Thanks for any help.


----------



## Jim Wilde (Oct 1, 2018)

The "proxies" are the Smart Previews, so if you have LRCC on one Mac set to store a local copy of all Smart Previews, then that's what it does. Compare the Preferences>Local Storage tab on the two systems...is that option set on one system but not the other?


----------



## mikebore (Oct 1, 2018)

Thanks Jim, I wrote most of the below before your message but I think it is still relevant.

Sorry this is turning into a bit of a journal as I make progress understanding my issues!

I am now pretty sure the two problems I mention are unrelated:

1. The problem of the two alphanumeric folders in the iMac Library has happened before and is the result of a false start setting up LRCC in July and starting all over. But I don't think I did the start all over completely cleanly.  When I noticed it before I deleted it and all was well, but now it has come back (same alphanumeric) so it is lurking in my account somewhere, and will probably appear again, but has never appeared on my MacBook Pro. I have deleted it again and all is well (no effect whatever). Any advice on how to clear this would be welcome.

2. The problem of the excessive size of the LRCC library on my MBP is beginning to make some sense, but far from understood. The local storage settings in the MBP are to store all smart previews on the internal and all originals on an external.  Local Storage preference window says "required space is 84.8GB" which seems right for 70,000 photos. This is also consistent with the Library size on a recent back up (before the step change in size) where the Library is 95GB and where the proxies folder was 75GB. 

So the mystery is why there has been a step change in size of the proxies folder from 75GB to 150GB?

Can I delete the Proxies folder and let it recreate them and hope they are back to the 75GB level?

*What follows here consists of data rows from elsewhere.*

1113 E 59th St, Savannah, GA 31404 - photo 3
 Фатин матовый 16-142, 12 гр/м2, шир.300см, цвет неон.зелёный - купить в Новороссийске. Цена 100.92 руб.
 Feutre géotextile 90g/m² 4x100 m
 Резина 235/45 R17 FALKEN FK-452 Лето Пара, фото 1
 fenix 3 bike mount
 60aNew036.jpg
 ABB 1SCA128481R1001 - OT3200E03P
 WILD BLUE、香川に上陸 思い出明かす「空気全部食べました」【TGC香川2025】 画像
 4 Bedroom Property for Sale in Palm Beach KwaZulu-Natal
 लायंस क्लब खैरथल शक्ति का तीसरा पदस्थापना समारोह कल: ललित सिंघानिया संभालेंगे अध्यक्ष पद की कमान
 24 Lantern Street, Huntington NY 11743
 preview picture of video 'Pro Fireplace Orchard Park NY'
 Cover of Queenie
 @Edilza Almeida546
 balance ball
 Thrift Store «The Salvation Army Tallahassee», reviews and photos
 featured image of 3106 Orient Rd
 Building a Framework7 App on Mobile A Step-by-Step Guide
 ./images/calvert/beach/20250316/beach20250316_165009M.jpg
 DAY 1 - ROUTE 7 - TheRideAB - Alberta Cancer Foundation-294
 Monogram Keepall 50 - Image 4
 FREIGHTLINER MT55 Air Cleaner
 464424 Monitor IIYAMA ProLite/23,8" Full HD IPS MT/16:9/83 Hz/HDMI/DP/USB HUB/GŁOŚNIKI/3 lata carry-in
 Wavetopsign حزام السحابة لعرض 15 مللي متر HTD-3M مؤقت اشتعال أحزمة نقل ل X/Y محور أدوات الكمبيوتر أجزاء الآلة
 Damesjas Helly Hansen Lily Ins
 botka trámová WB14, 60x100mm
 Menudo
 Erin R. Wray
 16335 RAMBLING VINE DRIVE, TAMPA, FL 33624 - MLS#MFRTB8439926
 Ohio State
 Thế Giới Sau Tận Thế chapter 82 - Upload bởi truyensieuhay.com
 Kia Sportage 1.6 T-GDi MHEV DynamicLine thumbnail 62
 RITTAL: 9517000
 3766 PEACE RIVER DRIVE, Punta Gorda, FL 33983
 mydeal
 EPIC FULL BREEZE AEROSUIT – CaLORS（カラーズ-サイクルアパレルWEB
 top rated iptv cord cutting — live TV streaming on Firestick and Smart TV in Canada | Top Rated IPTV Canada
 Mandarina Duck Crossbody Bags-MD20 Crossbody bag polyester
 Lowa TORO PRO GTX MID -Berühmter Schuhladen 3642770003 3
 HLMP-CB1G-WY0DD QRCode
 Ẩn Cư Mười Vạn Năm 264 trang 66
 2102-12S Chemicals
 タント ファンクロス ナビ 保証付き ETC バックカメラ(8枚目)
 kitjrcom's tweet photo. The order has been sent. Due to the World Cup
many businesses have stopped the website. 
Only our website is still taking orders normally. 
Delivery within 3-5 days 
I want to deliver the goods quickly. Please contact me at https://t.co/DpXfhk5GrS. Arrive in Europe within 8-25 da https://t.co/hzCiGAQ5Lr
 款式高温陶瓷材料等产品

Thanks very much for any input.


----------



## mikebore (Oct 1, 2018)

The screenshot below shows the Library content on the recent backup TOP, and current BOTTOM, which maybe makes the situation a bit clearer.

It changed from the top to the bottom overnight, where I could see it was downloading, and the icon top right said "Syncing" but the filter said everything was syncd and backed up.


----------



## Jim Wilde (Oct 1, 2018)

I can't explain why the size of the smart previews cache has suddenly almost doubled, sorry. But do you need both Smart Previews AND Originals stored locally? Because I use Classic as well as LRCC (thus all my originals also exist locally outside of LRCC), on my Classic system I have LRCC store only the smart Previews, and not the originals. But on my second system, which doesn't run Classic, I do the opposite, i.e. store originals but not Smart Previews.

But answering your question, yes you probably can delete the proxies folder and in theory LRCC should download them again. Haven't tested that though, generally I delete the entire Local Library and then let LRCC rebuild it completely.


----------



## mikebore (Oct 1, 2018)

Thanks very much Jim.

That is a good question about whether I need both Smart Previews AND Originals on the same Mac.  My logic (which may well be flawed) is that:-

1. I want the Smart Previews on it so that I can view and edit without having the external Originals drive attached.

2. I want the Originals locally on the external because when I am on holiday or away from base with just the MBP,  I want to import photos to the Library and do some culling and editing while away.  If I import them *without* the Originals drive attached, the originals are stored* inside* the library after import, filling up precious internal space.  So I have an Originals drive for the MBP to avoid this.

But I believe that if I changed the setting to "not store Originals" then the imported-on-holiday originals would only be on the internal temporarily, and would be deleted once the files had been uploaded to the Cloud and downloaded to the Originals drive on my iMac. Is that right and does it work reliably?  if so then I don't need to keep Originals locally on the MBP.  I think I have enough space to keep holiday import originals internally temporarily.

So subject to your reply I am motivated to abandon the external Originals MBP drive and change the setting to not keep Originals on the MBP,  and will also delete the oversize proxies folder.


----------



## mikebore (Oct 1, 2018)

Just re-read your post and noted the advice   _"....generally I delete the entire Local Library and then let LRCC rebuild it completely"_

So that means what it says, and you just reopen LRCC app and sign in and it all downloads?

That sounds like it might be a good thing to do on my iMac with the phantom alphanumeric folder?


----------



## mikebore (Oct 1, 2018)

I have just done as suggested and deleted the whole Library and it redownloaded as below. Back to correct size. I have also stopped it save originals locally as discussed above. Will keep and eye on what happens. Thanks for all the help.


----------